**Extracted records**
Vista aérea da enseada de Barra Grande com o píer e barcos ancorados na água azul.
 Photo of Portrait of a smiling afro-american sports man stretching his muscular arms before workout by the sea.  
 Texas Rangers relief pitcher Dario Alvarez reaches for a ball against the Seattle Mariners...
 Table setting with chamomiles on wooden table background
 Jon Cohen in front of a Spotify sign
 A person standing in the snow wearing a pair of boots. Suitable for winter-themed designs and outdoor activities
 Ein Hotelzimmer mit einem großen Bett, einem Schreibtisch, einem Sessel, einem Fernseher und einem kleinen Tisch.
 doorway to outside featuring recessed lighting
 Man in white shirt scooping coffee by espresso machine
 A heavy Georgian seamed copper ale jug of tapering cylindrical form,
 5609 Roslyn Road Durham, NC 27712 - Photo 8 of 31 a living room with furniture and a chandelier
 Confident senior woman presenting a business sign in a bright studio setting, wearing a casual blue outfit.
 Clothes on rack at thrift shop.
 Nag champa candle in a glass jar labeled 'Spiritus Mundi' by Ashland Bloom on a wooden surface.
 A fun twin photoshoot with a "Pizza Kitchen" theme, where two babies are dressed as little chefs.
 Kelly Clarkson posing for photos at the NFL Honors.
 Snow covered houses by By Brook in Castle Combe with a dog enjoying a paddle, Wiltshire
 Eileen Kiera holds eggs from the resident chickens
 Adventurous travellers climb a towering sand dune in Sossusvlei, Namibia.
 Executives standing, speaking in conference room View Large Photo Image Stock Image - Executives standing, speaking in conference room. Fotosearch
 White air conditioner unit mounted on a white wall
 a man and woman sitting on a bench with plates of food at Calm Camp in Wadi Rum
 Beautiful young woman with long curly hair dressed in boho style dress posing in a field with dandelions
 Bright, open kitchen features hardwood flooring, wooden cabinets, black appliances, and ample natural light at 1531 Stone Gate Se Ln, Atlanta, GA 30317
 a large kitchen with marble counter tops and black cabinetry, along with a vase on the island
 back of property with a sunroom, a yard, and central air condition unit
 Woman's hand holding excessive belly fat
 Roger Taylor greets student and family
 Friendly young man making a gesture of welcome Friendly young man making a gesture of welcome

**Your task**
Where a line of the data contains "wearing", copy that line.

**Output of the exercise**
 A person standing in the snow wearing a pair of boots. Suitable for winter-themed designs and outdoor activities
 Confident senior woman presenting a business sign in a bright studio setting, wearing a casual blue outfit.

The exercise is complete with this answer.